Adding in a GROUP BY adds a sort and the error is there for both cases now:

SELECT [Group]
     , Commas = STRING_AGG(Member, ', ')
     , Colons = STRING_AGG(Member, '::')
FROM #Data
GROUP BY [Group];

SELECT [Group]
     , Commas = STRING_AGG(Member, ', ')
     , Colons = STRING_AGG(Member, '::')
FROM (VALUES (1, 'a'), (1, 'b')
           , (2, 'c'), (2, 'd')) [v] ([Group], Member)
GROUP BY [Group];

Add it's definitely broken… like deep down. Combine both expressions in a HAVING and you get nothing back. Use either one alone, and you get data.

SELECT [Group]
     , Colons = STRING_AGG(Member, '::')
     , Commas = STRING_AGG(Member, ', ')
FROM #Data
GROUP BY [Group]
HAVING STRING_AGG(Member, ', ') LIKE '%, %'
   AND STRING_AGG(Member, '::') LIKE '%::%';

Switching the order of the columns switches the separator used.

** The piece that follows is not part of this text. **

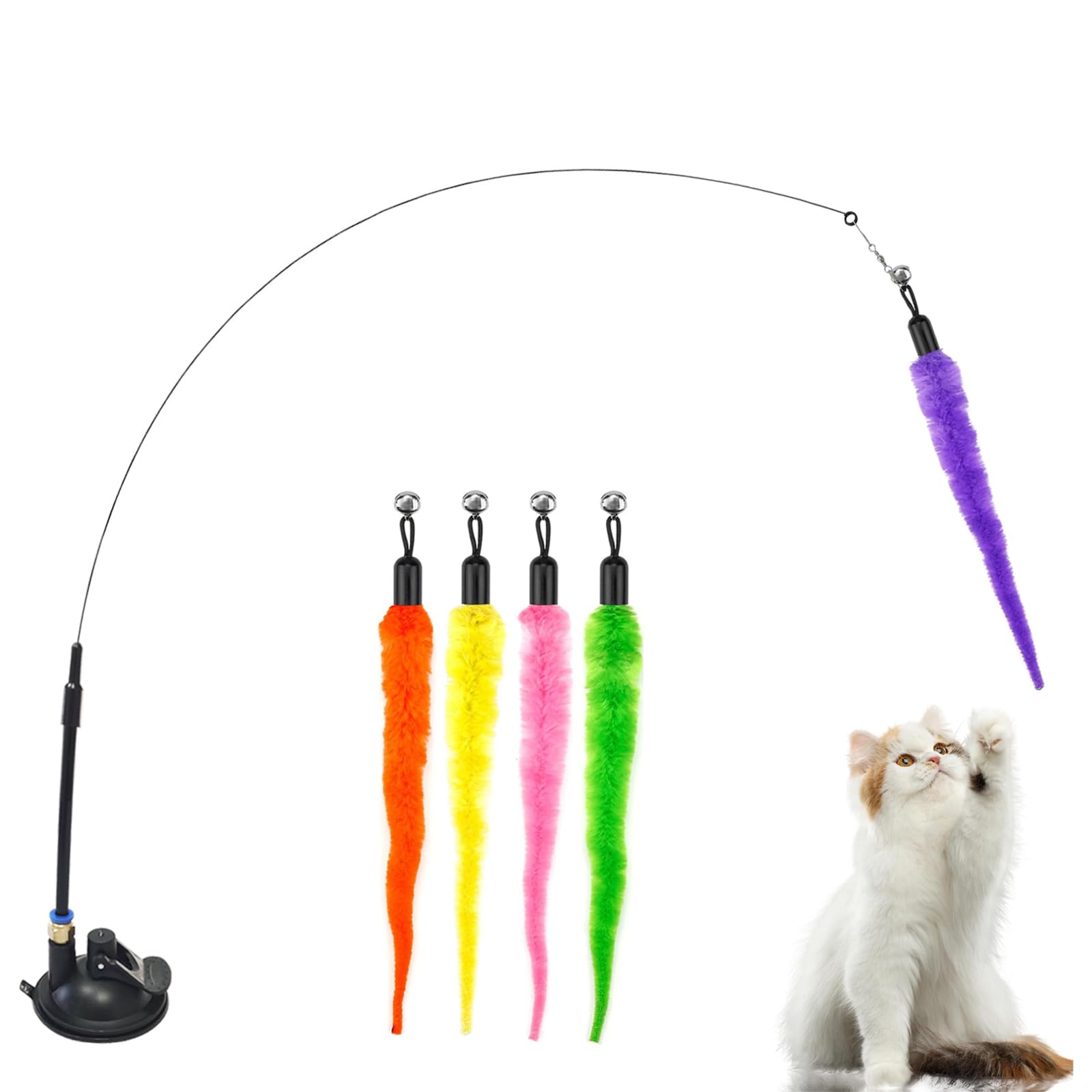 Photo 1 of YODFLY Cat Suction Cup Window Toy for Indoor Cats,with 5 Pcs Detachable Replacements Feathers.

I used these trace flags for investigating, but I can't find anything about "optimizing" away the second aggregate.

OPTION (QUERYTRACEON 3604 -- Output info to client
      , QUERYTRACEON 8619 -- Show applied optimization rules
      , QUERYTRACEON 8606 -- Show logical query trees
      , QUERYTRACEON 8607 -- Show physical query tree
      , RECOMPILE);

Best Answer

This is a bug. This answer indicates that it is fixed in CU17 but I just tested that and found it negative (and there is no indication that the fix was intended to be backported here).

I tried

SELECT [Group]
     , Commas = STRING_AGG(Member, ', ')
     , Colons = STRING_AGG(Member, '::')
FROM (VALUES (1, 'a'), (1, 'b')
           , (2, 'c'), (2, 'd')) [v] ([Group], Member)
GROUP BY [Group]
OPTION (QUERYTRACEON 3604 -- Output info to client
      , QUERYTRACEON 8607 -- Optimization output tree, before post-optimization rewrite phase.
      , QUERYTRACEON 7352 -- The final query tree after Post-optimization re-write.
      , RECOMPILE);
;

In 2017 CU17. This gives plan

enter image description here

On 2019 there is no compute scalar and the Stream Aggregate has defined values

[Expr1010] = Scalar Operator(STRING_AGG([Union1009],', ')), 
[Expr1011] = Scalar Operator(STRING_AGG([Union1009],'::'))

On 2017 the Stream Aggregate has defined value

[Expr1010] = Scalar Operator(STRING_AGG([Union1009],', '))

And there is an additional Compute Scalar with expression

[Expr1011] = Scalar Operator([Expr1010])

The output of trace flag 8607is the same on 2017 and 2019 but 7352 differs so I assume this is a faulty post optimisation rewrite.

As a workaround you can change the expression to do a no-op as below to prevent this faulty optimisation.

SELECT [Group]
     , Commas = STRING_AGG(Member, ', ')
     , Colons = STRING_AGG('' + Member, '::')